Disclaimer; this article contains plenty of general non-software specific information about HPO, but there is a bias for free open source software that is applicable to our systems at NERSC.

Scalable HPO with Ray Tune

Being able to leverage the power of modern compute resources to run HPO at scale is important to efficiently search hyperparameter space — especially in the time of deep learning (DL) where the size of neural networks continues to increase. Luckily for all of us, the folks at Ray Tune have made scalable HPO easy. Below is a graphic of the general procedure to run Ray Tune at NERSC. Ray Tune is an open-source python library for distributed HPO built on Ray. Some highlights of Ray Tune: - Supports any ML framework - Internally handles job scheduling based on the resources available - Integrates with external optimization packages (e.g. Ax, Dragonfly, HyperOpt, SigOpt) - Implements state-of-the-art schedulers (e.g. ASHA, AHB, PBT)

I have enjoyed using Ray Tune, but if you choose a different HPO framework, no worries, there is still plenty of general information in this article.

tune

How to Select an HPO strategy

Schedulers vs Search Algorithms

One of the first distinctions I want to point out about HPO strategies, is the difference between a scheduler and a search algorithm. The search algorithm governs how hyperparameter space is sampled and optimized (e.g. random search). From a practical standpoint, the search algorithm provides a mechanism to select hyperparameter configurations (i.e. trials) to test. A search algorithm is always necessary for HPO. Alternatively, schedulers improve the overall efficiency of the HPO by terminating unpromising trials early. For example, if I use random search, some of the trials are expected to perform poorly, so it would be nice to have the ability to terminate those trials early — saving valuable compute resources. This is what a scheduler does. A scheduler is not necessary for HPO but they massively improve performance. Below are brief descriptions and references for the schedulers and the search algorithms I tested.

Async Successive Halving Algorithm (ASHA — scheduler)

First, I want to define the successive halving algorithm (SHA), and instead of doing it myself, I really like the definition given in this paper — they also have pseudocode of the SHA and ASHA, if you are interested.

The idea behind SHA is simple: allocate a small budget to each configuration, evaluate all configurations and keep the top 1/η, increase the budget per configuration by a factor of η, and repeat until the maximum per-configuration budget of R is reached.

sha

This graphic was adapted from an AutoML post.

The SHA does not parallelize well because all configurations need to be evaluated for a short time before the top 1/η can be selected. This creates a bottleneck at each rung (each successive halving is referred to as a rung). ASHA decouples trial promotion and rung completion, such that trials can be advanced to the next rung at any given time.
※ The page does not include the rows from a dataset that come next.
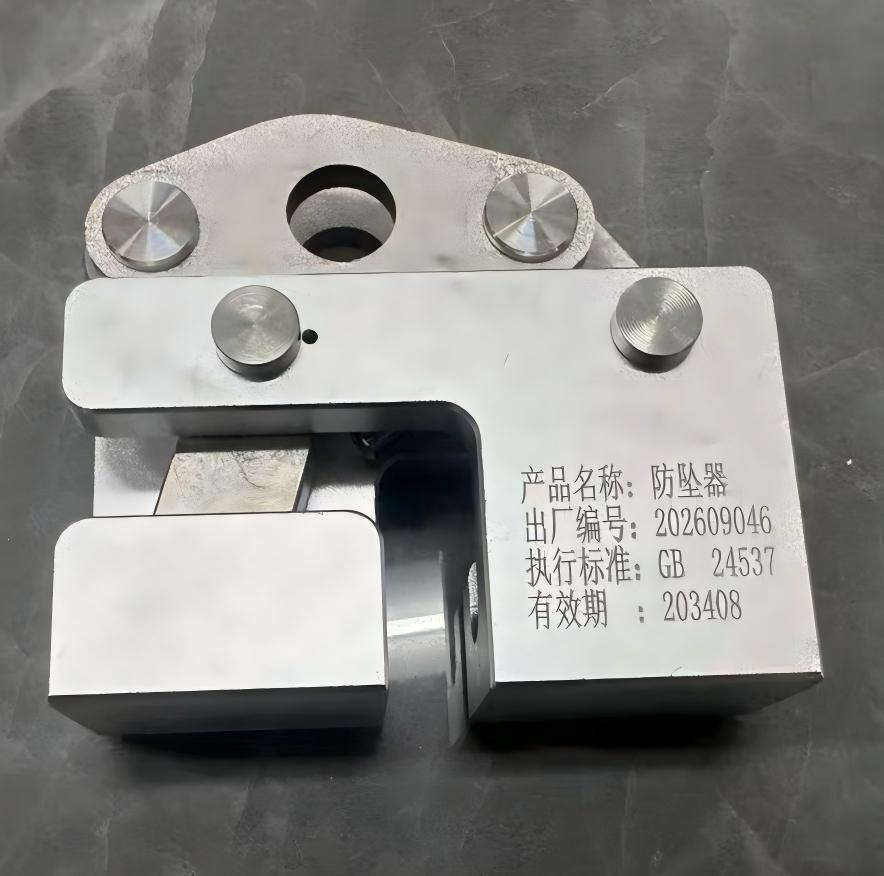 柔性防坠器详情图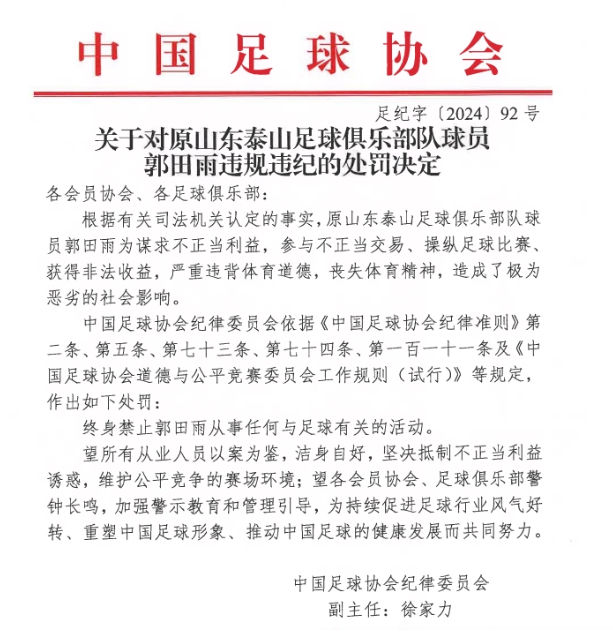 中国足协纪律委员会：43人终身禁17人禁5年！禁足60人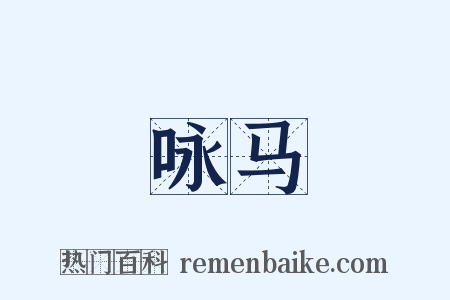 咏马是什么意思的图片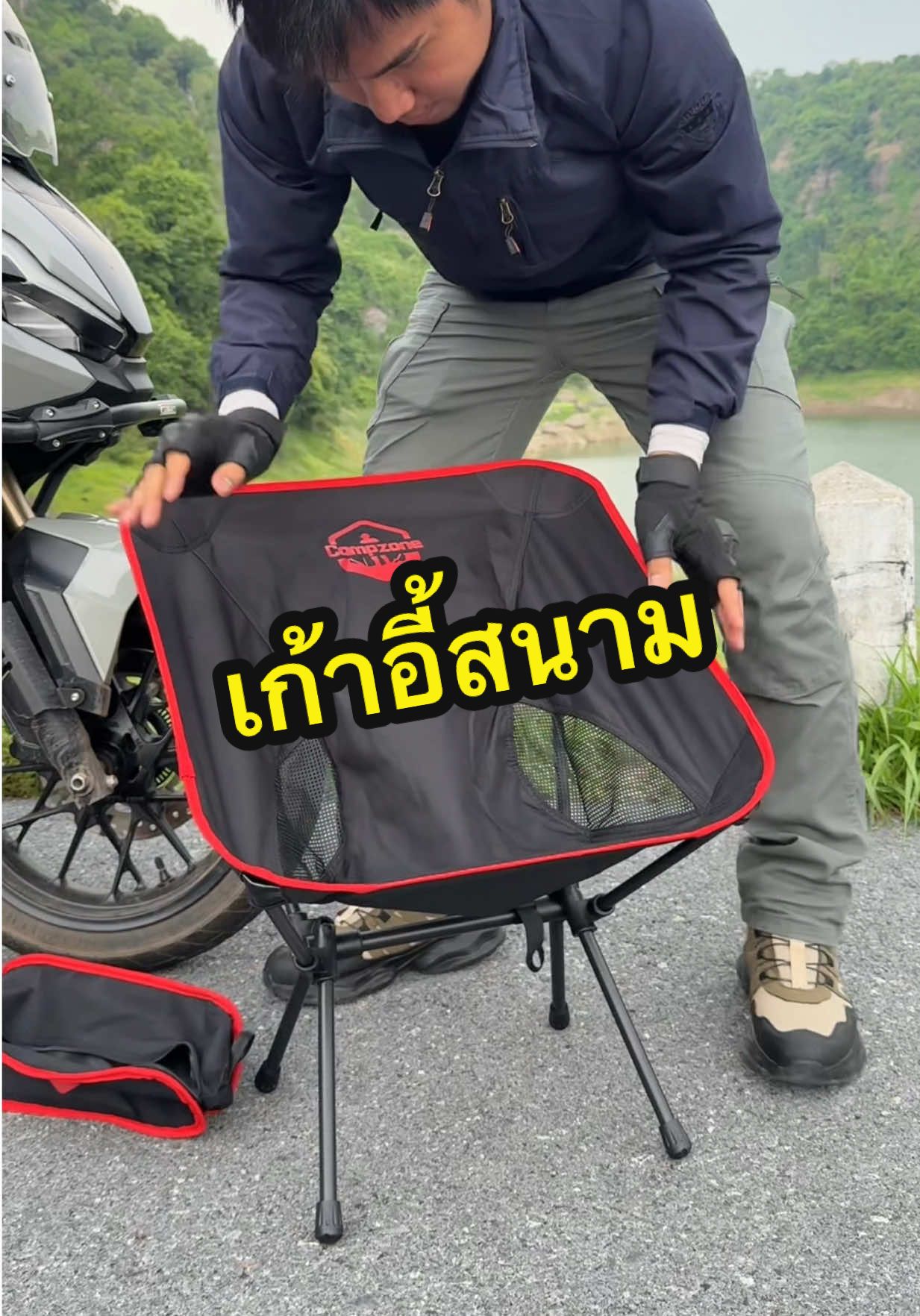 #เก้าอี้สนาม #เก้าอี้แค้มปิ้ง #เก้าอี้พกพา #เก้าอี้พับ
If a trial cannot be promoted additional trials can be added to the base rung so more promotions are possible.

A major assumption of SHA and ASHA is that if a trial performs well over an initial short time interval it will perform well at longer time intervals. A classic example where this assumption can break down is tuning learning rates. Larger learning rates may outperform smaller learning rates at short times causing the smaller learning rate trials to be erroneously terminated. In practice, I am honestly not sure how much this matters.

Async Hyperband (AHB — scheduler)

Hyperband (HB) is a scheduler designed to mitigate the SHA’s bias towards initial performance. HB essentially loops over the SHA with a variety of halving rates — attempting to balance early termination with providing more resources per trial regardless of initial performance. Each loop of the SHA is considered a bracket, which can have a number of rungs. See the figure below. AHB is identical to HB except it loops over ASHA. The AHB and ASHA implementation used in Ray Tune is described in this paper.

hb

Population Based Training (PBT — hybrid)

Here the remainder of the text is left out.